Part IV of the Constitution confirms the Head of State of Tuvalu is King Charles III as the Sovereign of Tuvalu and provides for the rules for succession to the Crown.  As set out in section 54 of the Constitution, the King's representative here is the Governor General. Section 58 requires the Governor General to perform the functions of the Head of State when the Sovereign is outside Tuvalu or otherwise incapacitated.

The exercise of the Royal prerogative of mercy or 'Power of Mercy' to grant a pardon and the commutation of prison sentences is described in section 80 of the Constitution.

The style and title of Charles III, as Monarch of Tuvalu, is set out in Act 1 of 1987 of the Parliament of Tuvalu as being: Charles the Third, by the Grace of God, King of Tuvalu and of His other Realms and Territories, Head of the Commonwealth. Under the Constitution of Tuvalu, the oath of allegiance is a declaration of allegiance to His Majesty King Charles III, His Heirs and Successors.

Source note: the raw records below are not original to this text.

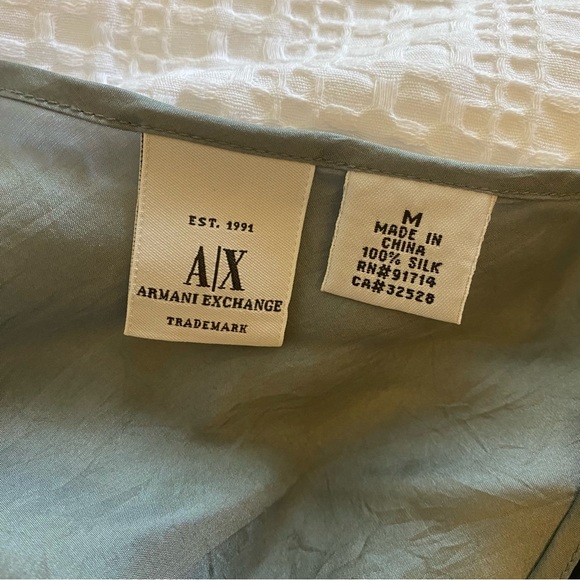 Armani Exchange silver midi dress 100% silk sz M - Picture 5 of 5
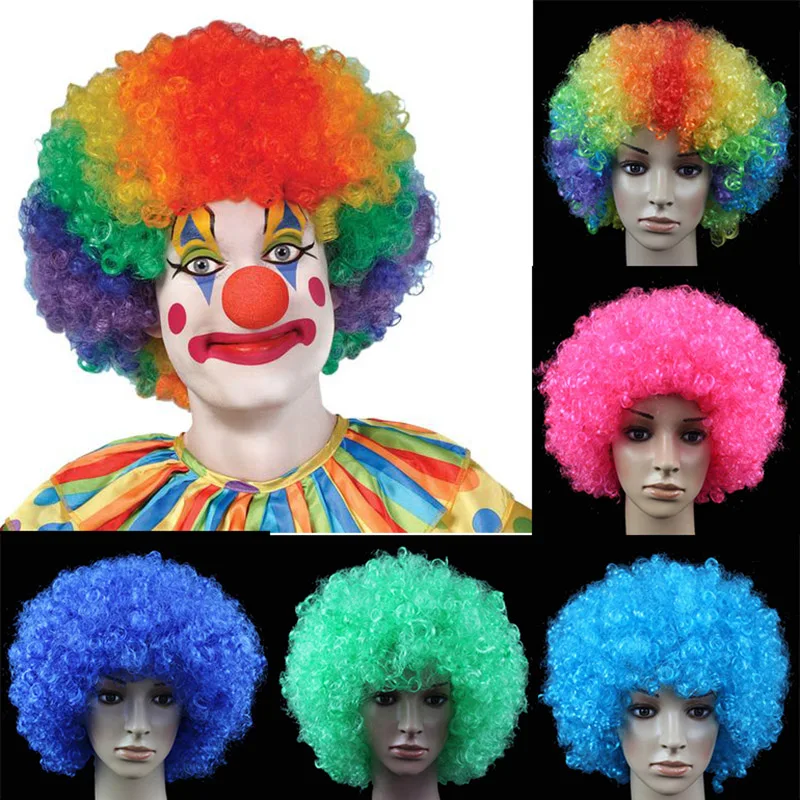 

LVHAN Round curly hair plus size head large wig wig wig clown wig Fans wig Explosive wig Color is sent randomly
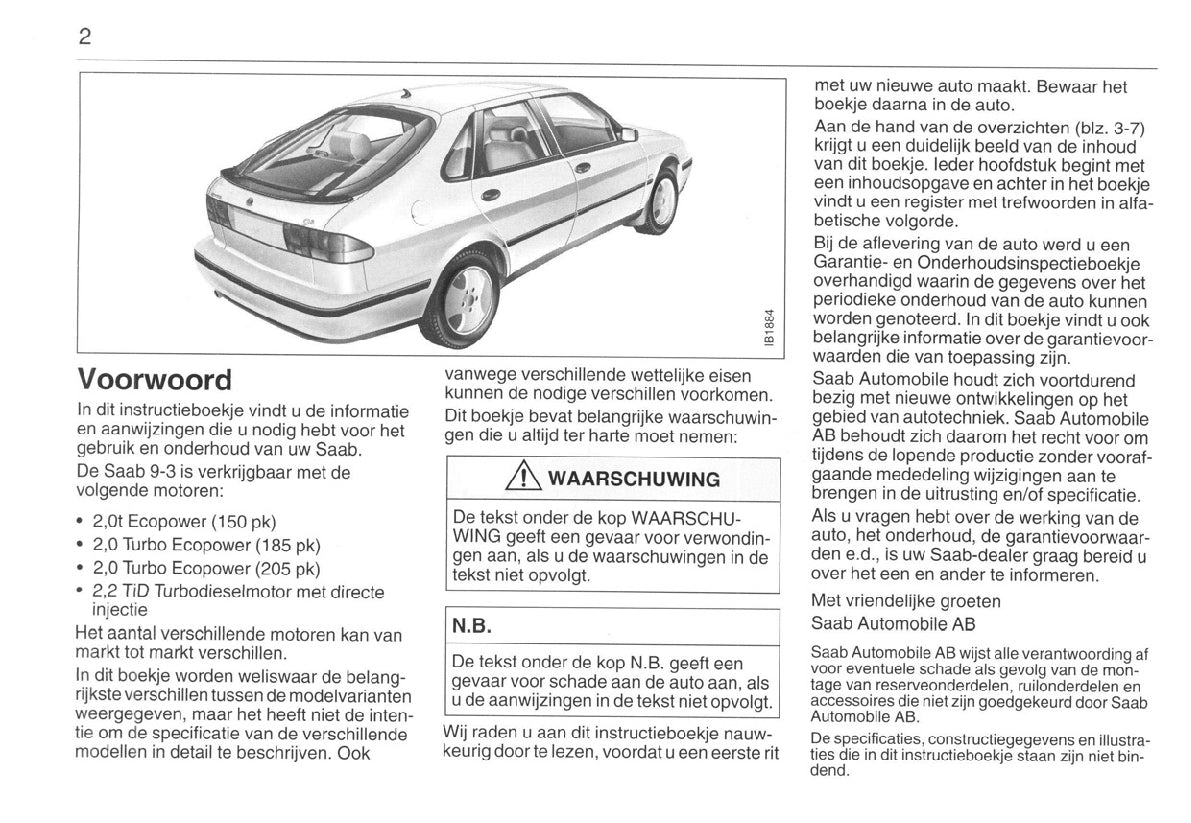 1998-2002 Saab 9-3 Bedienungsanleitung | Niederländisch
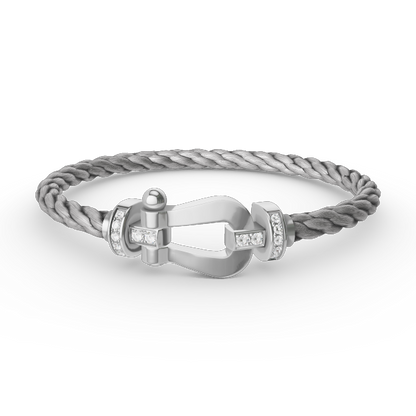 [BloomBling]FORCE LARGE HORSESHOE HALF DIAMOND BRACELET SILVER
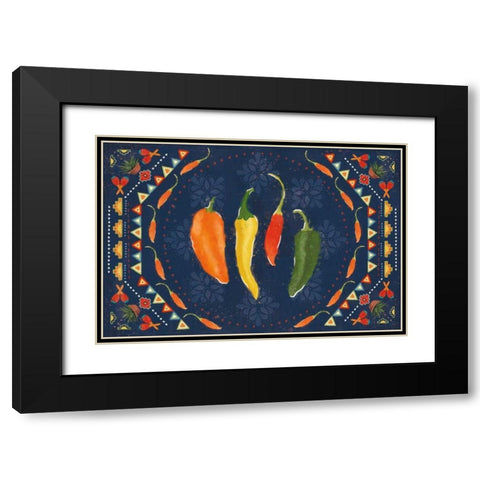 Tex Mex Fiesta I Dark Black Modern Wood Framed Art Print with Double Matting by Charron, Veronique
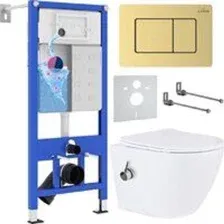 Унитаз подвесной Roxen Antares Bidet в комплекте с инсталляцией StounFix Dual Fresh 6 в 1 968457 (кн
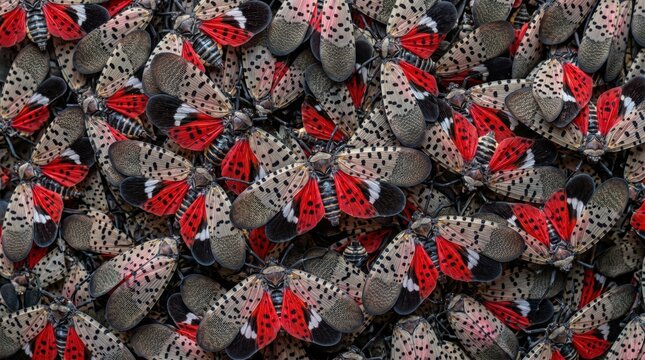 A dense swarm of spotted lanternflies with striking red black and white patterned wings clustered together filling the frame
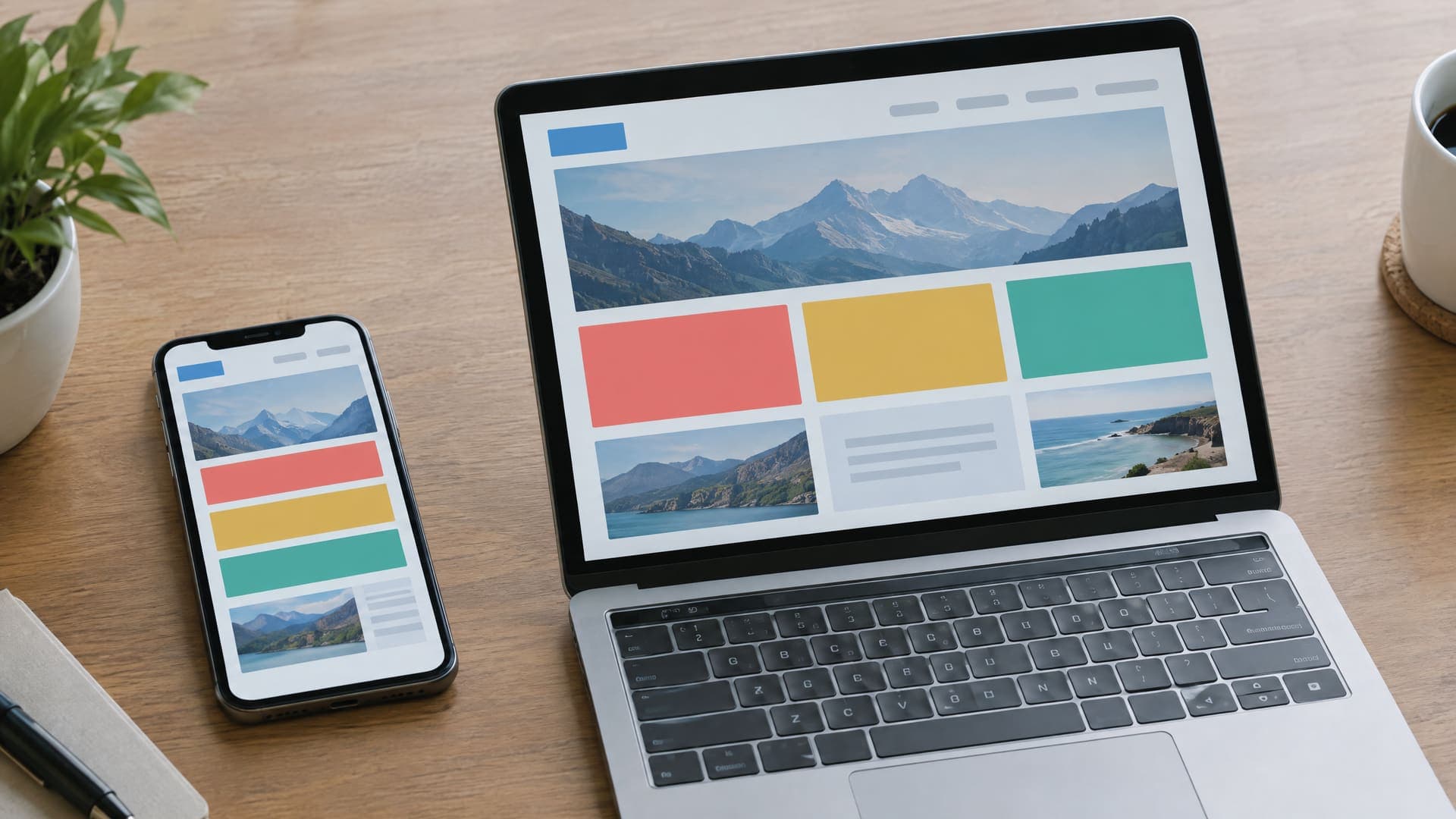 Smartphone und Laptop nebeneinander auf einem Schreibtisch, beide zeigen dieselbe abstrakte Webseite aus Blöcken und Bildflächen, Text unleserlich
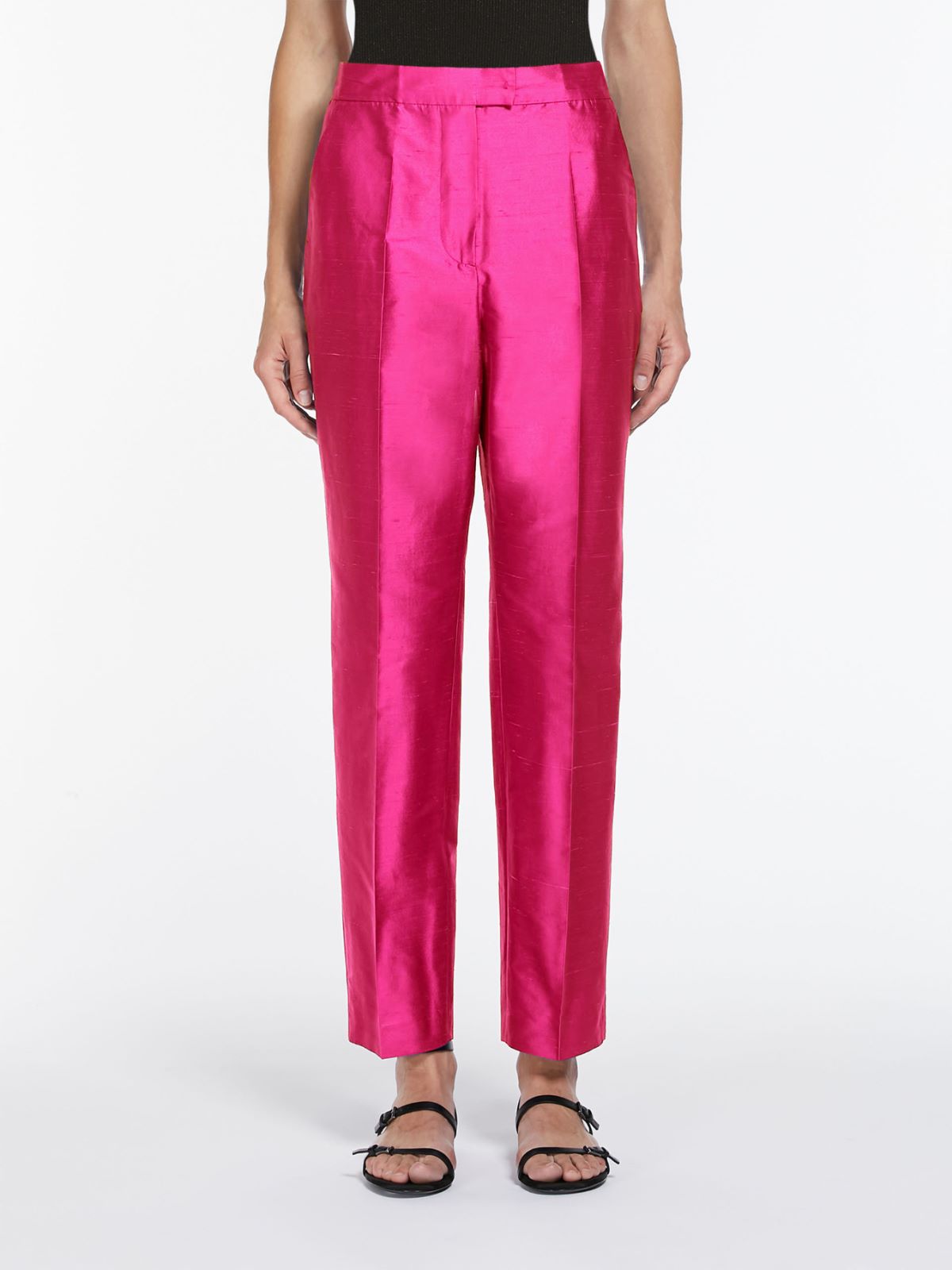 Straight-fit silk shantung trousers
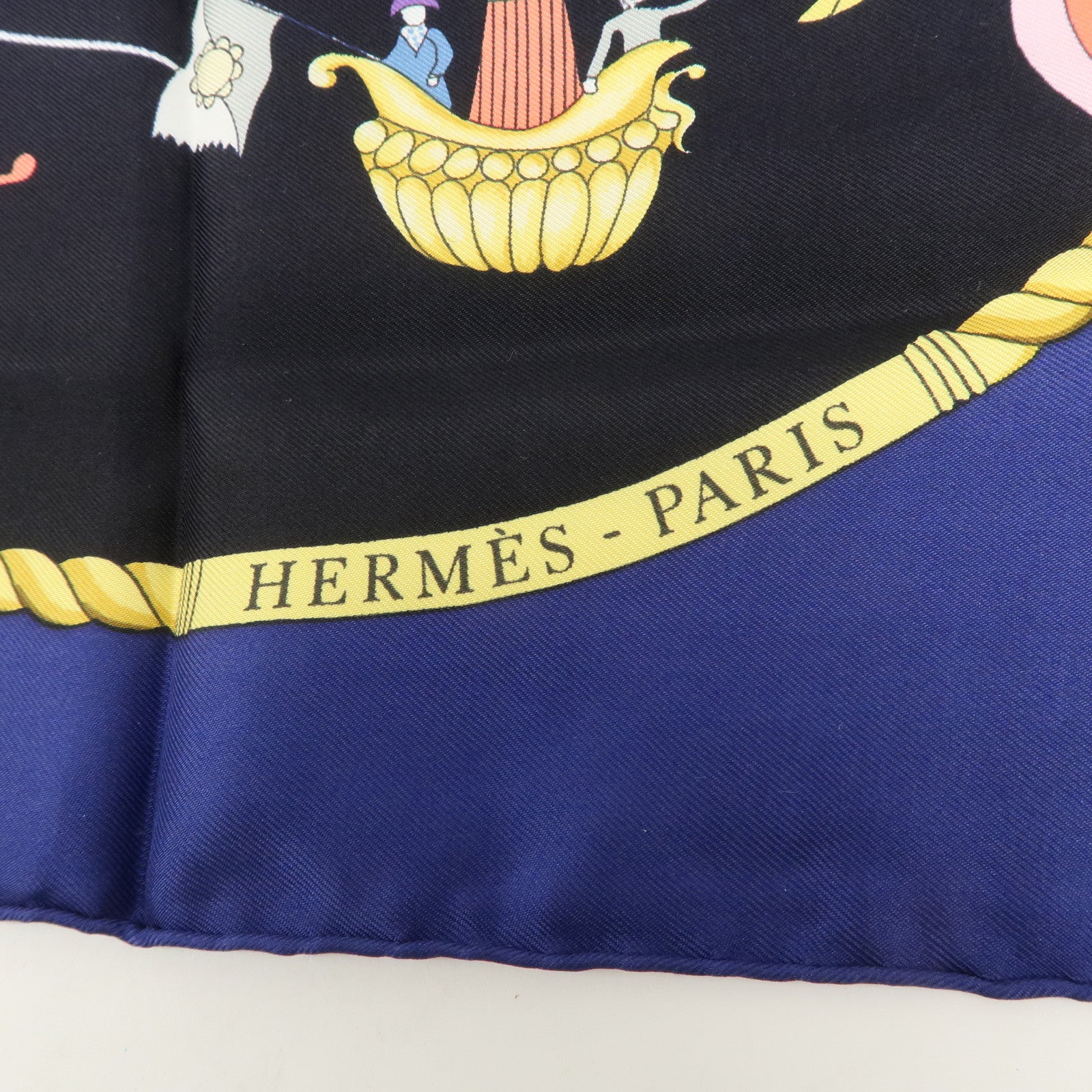 HERMES Carre 90 Silk 100% Scarf LES FOLIES DU CIEL Black Navy Multicolo Used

The prime minister, cabinet and ministerial government

Part V of the Constitution establishes the executive authority of Tuvalu and confirms that while the Prime Minister is the head of government, executive power is exercised by ministerial government. Part V also establishing the role of the cabinet and the senior civil service positions of the Secretary to Government and the Attorney-General.

The role of Attorney-General is carried out by a trained lawyer employed in the public service. In Tuvalu the Attorney-General sits in Parliament, but does not vote: the parliamentary role of the Attorney-General is purely advisory.

Parliament of Tuvalu

Part VI of the Constitution describes the Electoral laws, the role of the Parliament and the manner of exercise of the law-making power.  The Parliament of Tuvalu or Palamene o Tuvalu is the unicameral national legislature in Tuvalu.  Tuvalu follows the Westminster system of parliamentary traditions, which are modified to suit Tuvaluan political environment. The elected members of parliament selecting the Prime Minister and the Speaker of the Parliament by secret ballot.  The Speaker is the presiding officer of the parliament.

The Ministers that form the Cabinet are appointed by the Governor General on the advice of the Prime Minister.

The summoning of meetings of Parliament is described in section 116 and section 118 addresses the timing of general elections.

The Courts of Tuvalu

Part VII of the Constitution establishes the judicial system of Tuvalu. The High Court of Tuvalu has general jurisdiction and responsibility, as authorised by sections 120 to 133 of the Constitution. The Court of Appeal of Tuvalu is established by sections 134 & 135 of the Constitution to hear appeals from decisions of the High Court.

The Constitution establishes that in respect of decisions of the Court of Appeal, there is a right of appeal to Her Majesty in Council, i.e., the Privy Council in London.

The Public Service

Part VIII of the Constitution establishes the State Services and the general functions of the Public Service Commission. The Governor-General's power to dismiss public servants at pleasure – and the role of the Public Service Commission in the dismissal of public servants - was considered by the High Court in Toafa v Attorney-General.

Parliamentary responsibility for finance

Part IX of the Constitution establishes the office of Auditor-General and confirms parliamentary responsibility for finance and the National Budget. Section 165 (1) states “the raising and spending of money by the Government (including the imposition of taxation and the raising of loans) is subject to authorization and control by Parliament, and shall be regulated by an Act of Parliament.”

The Tuvalu Constitutional Review Project

In 2016 a review of the Constitution of Tuvalu commenced.  The Tuvalu Constitutional Review Project was implemented by the United Nations Development Programme (UNDP) and the Government of Tuvalu. The project reviewed executive/parliamentary relations and Tuvalu's commitments under international law. The project considered the country's socio-economic and political context, such as the sensitivities over political and religious diversity among Tuvalu's Christian and religious minorities. The review of the Constitution of Tuvalu continued into 2021, with funds being allocated in the 2021 Tuvalu National Budget.